Choca-me profundamente haver um livro que apregoa as inverdades, factos adulterados a respeito do Implante Coclear com uma relutância que incentiva discussões polémicas, contestações injuriadas no intuito de alimentar novos mitos já desmitificados pela maioria das pessoas portadoras dessa tecnologia biónica ao longo dos anos. Como podem querer continuar adoptar uma postura resistente perante uma tecnologia que inevitavelmente progride de olhos vistos a um ritmo avassalador de forma positiva mudado milhões de vidas? Ainda tem o descaramento em limitar as opções abertas e confundir as famílias que buscam uma solução menos impactada aos seus filhos. Estas pessoas veem no Implante Coclear um retrocesso, uma ameaça à sua cultura e ao seu mundo, vedado de forma categórica as condições na busca de uma melhoria da qualidade de vida a longo prazo que traria sobretudo inúmeras vantagens numa sociedade extremamente competitiva em que a exigência é a comunicação oral total.

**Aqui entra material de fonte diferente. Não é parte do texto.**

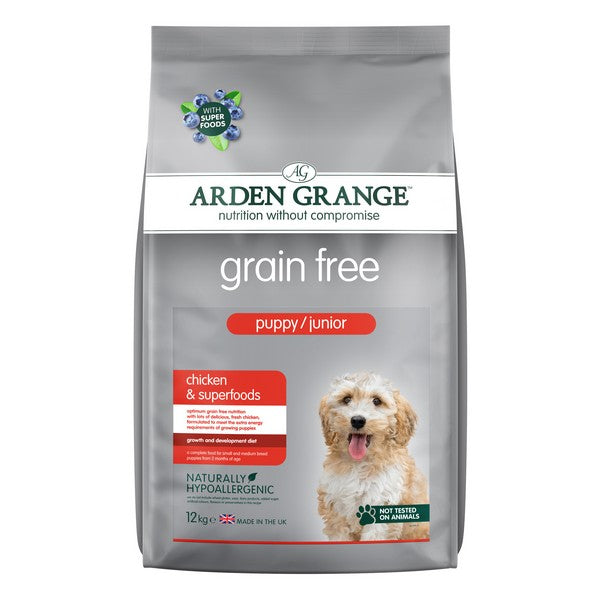 Arden Grange Grain Free Puppy/Junior Chicken & Superfoods Dog Food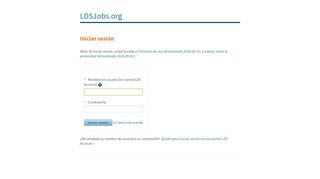 
                            1. Bienvenido a LDSJobs | LDSJobs - LDSjobs.org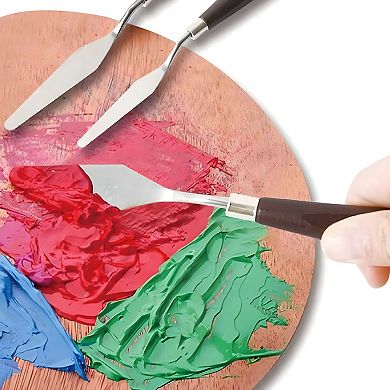 Stainless Steel Palette Knife Set Artist Painting Spatulas 5 Pcs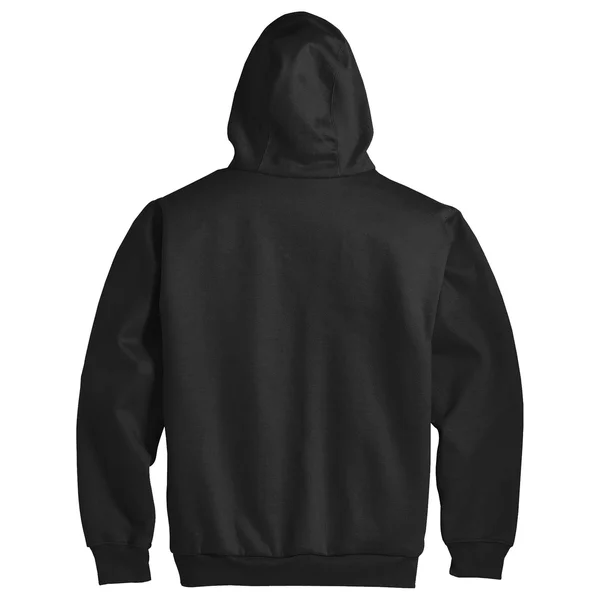 Cornerstone CS620 Heavyweight Full Zip with Thermal Lining Hooded Sweatshirt - Black - S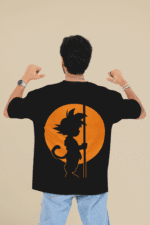 Kid Goku oversized anime streetwear tee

Mais engraçado é, analisado através de uma perspectiva intimamente pessoal, não sou contra a Língua Gestual pois sei perfeitamente que nem toda a criança surda tem tanto sucesso na oralização assim como no decorrer do desenvolvimento com o IC, isto é um facto real que assisti sobretudo em Portugal em que algumas crianças necessitaram de englobar as duas línguas juntas de modo dar um empurrão para a explosão falada. Sou contra a imposição insistente, dotadas do mais absoluto disparate de falácia doentia e macabra de que o IC faz aquilo e isto rodeado de negatividade, absurdo de mentes imaturas, de mentes que não abraçam o desconhecido, de mentes que não fazem ideia do que é o som, de mentes que inevitavelmente fecham as portas ao que o mundo tem para oferecer. Só os mais ousados possuem esta coragem e brilho nos olhos!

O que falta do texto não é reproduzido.